The chapter on “Stories and Storytellers” likewise hits the usual suspects like Bakuman from Japan and Singaporean artist Lat’s classic Kampung Boy, but also includes girls’ fantasy comics from South Korea and pages from autobiographical Japanese comics. Maybe my favorite excerpt from this section is from Two Poles, the over-the-top wild Hong Kong story of what happens when a fictional character comes to life and invades his artist’s world, with a wildly diverse art style in the four pages shown.

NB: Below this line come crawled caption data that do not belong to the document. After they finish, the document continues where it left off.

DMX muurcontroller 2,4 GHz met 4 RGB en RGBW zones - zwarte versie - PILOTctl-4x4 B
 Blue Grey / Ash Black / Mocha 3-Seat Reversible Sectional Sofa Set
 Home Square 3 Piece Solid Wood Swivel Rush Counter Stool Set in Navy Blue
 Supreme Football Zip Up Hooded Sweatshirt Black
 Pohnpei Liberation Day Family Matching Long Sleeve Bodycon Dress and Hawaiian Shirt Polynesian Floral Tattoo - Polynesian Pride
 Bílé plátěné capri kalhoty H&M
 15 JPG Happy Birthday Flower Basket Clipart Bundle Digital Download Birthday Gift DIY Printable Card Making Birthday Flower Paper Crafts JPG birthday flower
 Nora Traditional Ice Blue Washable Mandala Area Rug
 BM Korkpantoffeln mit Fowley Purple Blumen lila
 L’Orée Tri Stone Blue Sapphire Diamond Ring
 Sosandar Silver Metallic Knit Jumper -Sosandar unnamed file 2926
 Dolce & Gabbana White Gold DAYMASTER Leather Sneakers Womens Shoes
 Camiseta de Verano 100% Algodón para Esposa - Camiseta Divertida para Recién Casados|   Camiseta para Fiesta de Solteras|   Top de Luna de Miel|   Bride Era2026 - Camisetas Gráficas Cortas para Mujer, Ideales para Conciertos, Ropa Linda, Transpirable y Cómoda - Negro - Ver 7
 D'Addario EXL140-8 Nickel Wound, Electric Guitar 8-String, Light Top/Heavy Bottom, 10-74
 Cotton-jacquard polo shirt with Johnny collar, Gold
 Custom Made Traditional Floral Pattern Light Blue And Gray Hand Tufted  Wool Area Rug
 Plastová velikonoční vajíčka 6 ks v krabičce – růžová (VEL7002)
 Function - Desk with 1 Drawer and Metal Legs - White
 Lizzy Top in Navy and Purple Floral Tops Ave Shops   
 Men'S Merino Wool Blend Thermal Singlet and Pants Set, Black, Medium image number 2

Gravett also discusses several crucial topics. No book of this type could be published without discussing the impact of censorship on the comics industry. He starts with contradictory pronouncements by Douglas McArthur, while head of the occupying force in Japan, that on the one hand Japan have free speech and on the other forbidding the depiction of samurai and ninjas in manga. He also discusses government censorship in South Korea and Taiwan, among other countries, while also providing samples from some of that work. Several of the Filipino comics he includes could have come right from 1950s American comics, with lurid colors and graphic horror.
The strength of Mangasia is also its obvious weakness. As a survey of comics across twenty Asian countries, it casts a wide but shallow net. There are more encyclopedia books about the comics scene in many of these countries (including at least one written by Gravett himself), and I often found myself frustrated by the lack of depth he offers here. But this sort of survey approach allows Gravett to draw comparisons other writers cannot, and that enriches his narrative. The level of research on display here is impressive, and the diversity of art styles he shows is exhilarating.
Paul Gravett has become the dean of comics historians, and this new book is a worthy addition to his oeuvre.